- Heezen , Bruce Charles
- (1924–1977) American oceanographerBorn in Vinton, Iowa, Heezen was educated at Iowa State University, graduating in 1948, and at Columbia, New York, where he received his PhD in 1957. He worked at the Lamont Geological Observatory at Columbia from 1948.Heezen's work has contributed significantly to knowledge of the ocean floor and the processes that operate within the oceans. In 1952 he produced convincing evidence for the existence of turbidity currents; i.e., currents caused by a mass of water full of suspended sediment.
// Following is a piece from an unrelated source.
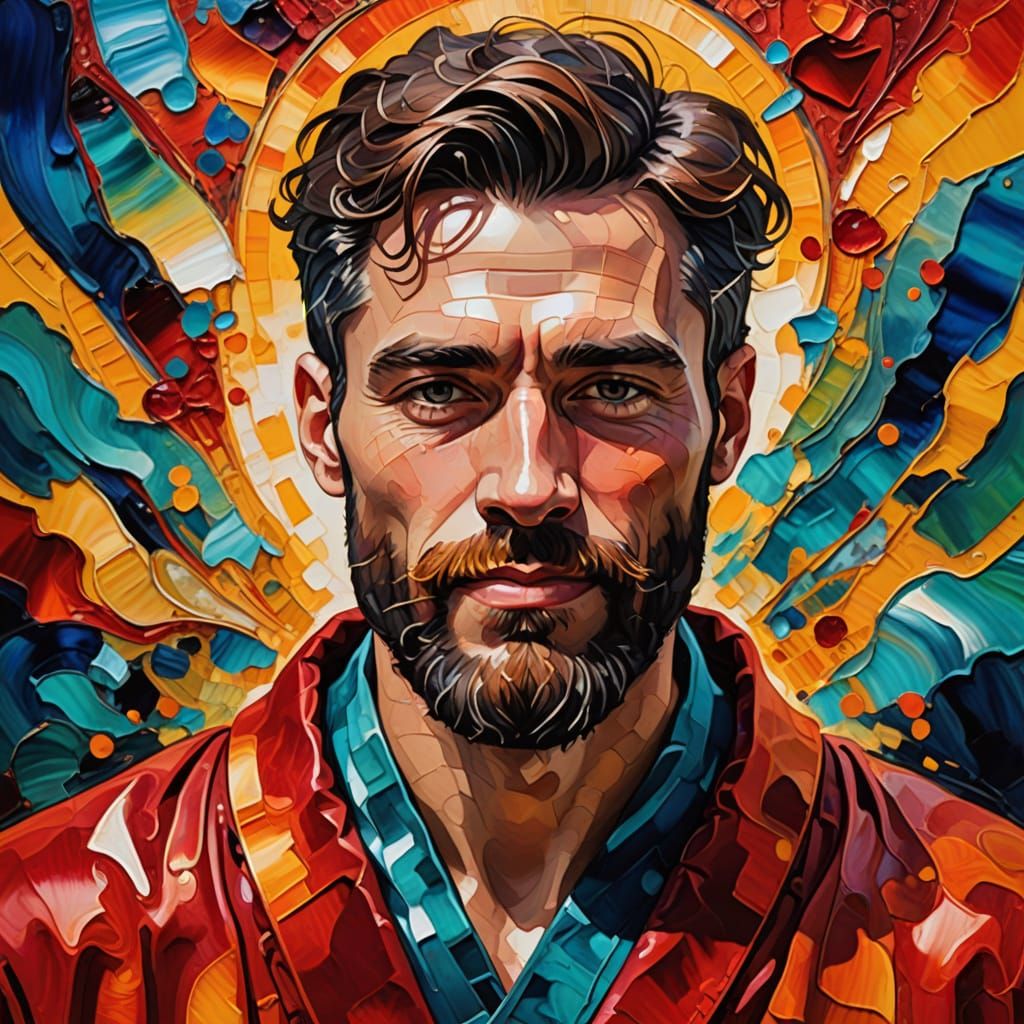 Alcohol Ink Art Nouveau Portrait of a Proud Man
Their existence had been suggested by Reginald Daly in 1936 and proposed as the cause of submarine canyons. Heezen used precise records available from the 1929 Grand Bank earthquake to study these currents. As the area off the Grand Bank was rich with communication cables, exact records of the disturbance caused by the earthquake had been obtained. He was able to reconstruct the movement down the bank of about 25 cubic miles (100 cubic km) of sediment moving with speeds approaching 50 miles per hour (85km per hour).In 1957, in collaboration with William Ewing and Marie Tharp, the existence of the worldwide ocean rift was demonstrated and its connection with seismic activity postulated. In 1960 Heezen argued for an expanding Earth in which new material is emerging from the rift, increasing the oceans' width and pushing the continents further apart. Such a view, based on the grounds that the gravitational constant decreases slowly with time, had been suggested earlier by Paul Dirac, but received little support in the early 1960s, particularly when a more plausible mechanism was suggested by Harry H. Hess in 1962.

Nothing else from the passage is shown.